Novo texto abre caminho para criação de SAF, mas impede que investidores tenham maioria e garante 51% das ações ao clube

Conselheiros que sugeriram a SAFIEL - Reprodução/GE
Conselheiros que sugeriram a SAFIEL - Reprodução/GE

Jorge Simonsen Publicado em 28/10/2025, às 15h58


O Corinthians deu um passo importante na discussão sobre a criação de uma Sociedade Anônima do Futebol. O novo projeto de reforma do estatuto, apresentado nesta segunda-feira, prevê a possibilidade de o clube se transformar em SAF, mas com regras que mantêm o controle nas mãos dos associados.

O texto ainda será votado no Conselho Deliberativo e depois em assembleia geral. Para ser aprovado, o projeto precisa do apoio de dois terços dos conselheiros e dos sócios votantes.

Antes de qualquer mudança, o clube terá que passar por uma auditoria independente e um processo de due diligence completo. Essa análise vai verificar a situação financeira, jurídica e tributária do Corinthians antes da decisão final.

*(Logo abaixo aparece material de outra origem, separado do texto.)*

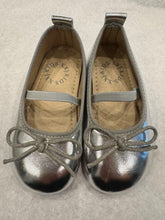 Load image into Gallery viewer, Metallic Strap Shoes, Silver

O presidente do Conselho Deliberativo, Romeu Tuma Júnior, explicou que o parecer do Conselho de Orientação será apenas uma recomendação. Ele também reforçou que os dois terços exigidos são calculados sobre o número de votantes presentes, e não sobre o total de conselheiros.

O anteprojeto deixa claro que investidores externos não poderão ter o controle majoritário da SAF. O Corinthians será dono de 51% do capital da futura empresa e receberá pelo menos 10% da receita líquida anual. A medida busca preservar a identidade e a história do clube.

Mesmo com resistência de parte dos conselheiros, o tema ganha força entre torcedores. O grupo “SAFiel” será lançado oficialmente nesta terça-feira (28), no Museu do Futebol, e defende um modelo que permita a participação dos torcedores como acionistas minoritários.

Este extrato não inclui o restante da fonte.